Tellig is an Ortsgemeinde – a municipality belonging to a Verbandsgemeinde, a kind of collective municipality – in the Cochem-Zell district in Rhineland-Palatinate, Germany. It belongs to the Verbandsgemeinde of Zell, whose seat is in the municipality of Zell an der Mosel.

==Geography==

The municipality lies in the northern Hunsrück some 5 km from the river Moselle, near Bundesstraße 421.

==History==
In 1275, Tellig had its first documentary mention as Tellich. Beginning in 1794, Tellig lay under French rule. In 1815 it was assigned to the Kingdom of Prussia at the Congress of Vienna. At the Theodor bei Tellig mine in the early 20th century, lead and zinc ore deposits were worked. The settlement of Althaus near Tellig was built in 1937 by the Reichsarbeitsdienst (RAD). Since 1946, Tellig has been part of the then newly founded state of Rhineland-Palatinate. Under the Verwaltungsvereinfachungsgesetz (“Administration Simplification Law”) of 18 July 1970, with effect from 7 November 1970, the municipality was grouped into the Verbandsgemeinde of Zell.

==Politics==

===Municipal council===
The council is made up of 6 council members, who were elected by majority vote at the municipal election held on 7 June 2009, and the honorary mayor as chairwoman.

===Mayor===
Tellig's mayor is Sabine Liesegang-Zirwes, and her deputies are Christof Daubner and Ralf Dillenburger.

===Coat of arms===
The municipality's arms might be described thus: Vert a fess countercompony of ten gules and argent between, in chief, a Papal Tiara and a mitre ensigned with a cross in fess, and issuant from base a lion rampant crowned, all Or.

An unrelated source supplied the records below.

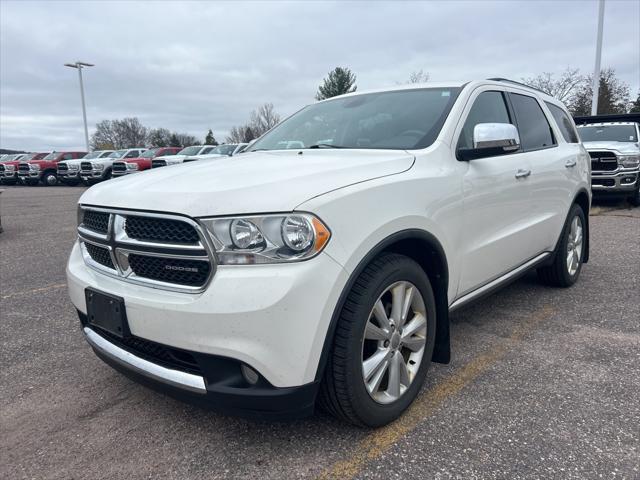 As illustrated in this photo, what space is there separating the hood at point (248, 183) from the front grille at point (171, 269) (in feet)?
0.68

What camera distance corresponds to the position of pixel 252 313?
6.02ft

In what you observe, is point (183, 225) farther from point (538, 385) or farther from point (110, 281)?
point (538, 385)

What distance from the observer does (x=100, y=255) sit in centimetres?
246

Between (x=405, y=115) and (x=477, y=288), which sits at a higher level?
(x=405, y=115)

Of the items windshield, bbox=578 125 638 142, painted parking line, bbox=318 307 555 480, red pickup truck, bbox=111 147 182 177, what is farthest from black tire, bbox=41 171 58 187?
painted parking line, bbox=318 307 555 480

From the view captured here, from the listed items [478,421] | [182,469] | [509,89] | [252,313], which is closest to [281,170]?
[252,313]

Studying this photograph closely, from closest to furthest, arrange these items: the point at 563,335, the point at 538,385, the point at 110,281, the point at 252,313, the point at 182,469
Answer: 1. the point at 252,313
2. the point at 182,469
3. the point at 110,281
4. the point at 538,385
5. the point at 563,335

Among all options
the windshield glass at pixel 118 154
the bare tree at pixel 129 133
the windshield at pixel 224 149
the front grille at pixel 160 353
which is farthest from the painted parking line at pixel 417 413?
the bare tree at pixel 129 133

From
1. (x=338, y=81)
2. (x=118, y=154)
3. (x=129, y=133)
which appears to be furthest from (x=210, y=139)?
(x=118, y=154)

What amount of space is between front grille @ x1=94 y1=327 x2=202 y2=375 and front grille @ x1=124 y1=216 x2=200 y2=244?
44cm

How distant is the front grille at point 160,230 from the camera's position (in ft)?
6.53

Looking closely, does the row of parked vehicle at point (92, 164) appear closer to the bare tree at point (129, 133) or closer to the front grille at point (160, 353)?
the front grille at point (160, 353)

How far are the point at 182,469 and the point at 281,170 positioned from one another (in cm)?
139

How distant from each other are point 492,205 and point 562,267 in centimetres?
187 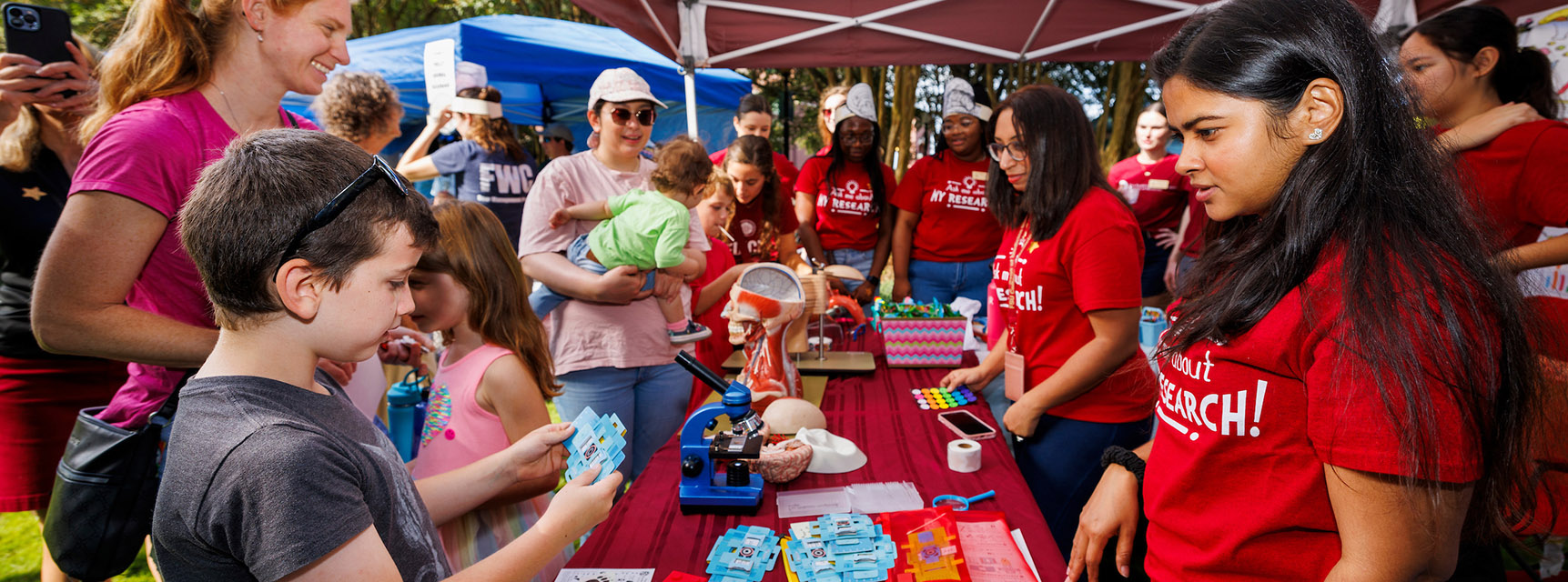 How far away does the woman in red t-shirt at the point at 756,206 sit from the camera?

==Culture and sightseeing==

===Buildings===
The following are listed buildings or sites in Rhineland-Palatinate’s Directory of Cultural Monuments:
- Saint Cornelius's and Saint Cyprian's Catholic Church (Kirche St. Cornelius und Cyprianus), Hauptstraße 16 – three-naved Gothic Revival hall church, 1862–1865, architect Vincenz Statz, Cologne; campanile, 1933; whole complex with rectory and barn
- Hauptstraße – basalt fountain, marked 1720
- At Hauptstraße 16 – parish barn; plastered building with tracery windows, 15th century, timber-frame knee wall, portal marked 1706; whole complex with church and rectory
- Hauptstraße 17 – former rectory; plastered building, mid 19th century; whole complex with church and barn

==Economy and infrastructure==

===Transport===
Tellig lies south of Bundesstraße 421 over which the town of Zell, lying some 10 km away, and Bullay (DB) railway station on the Koblenz-Trier railway line, 15 km away, can be reached.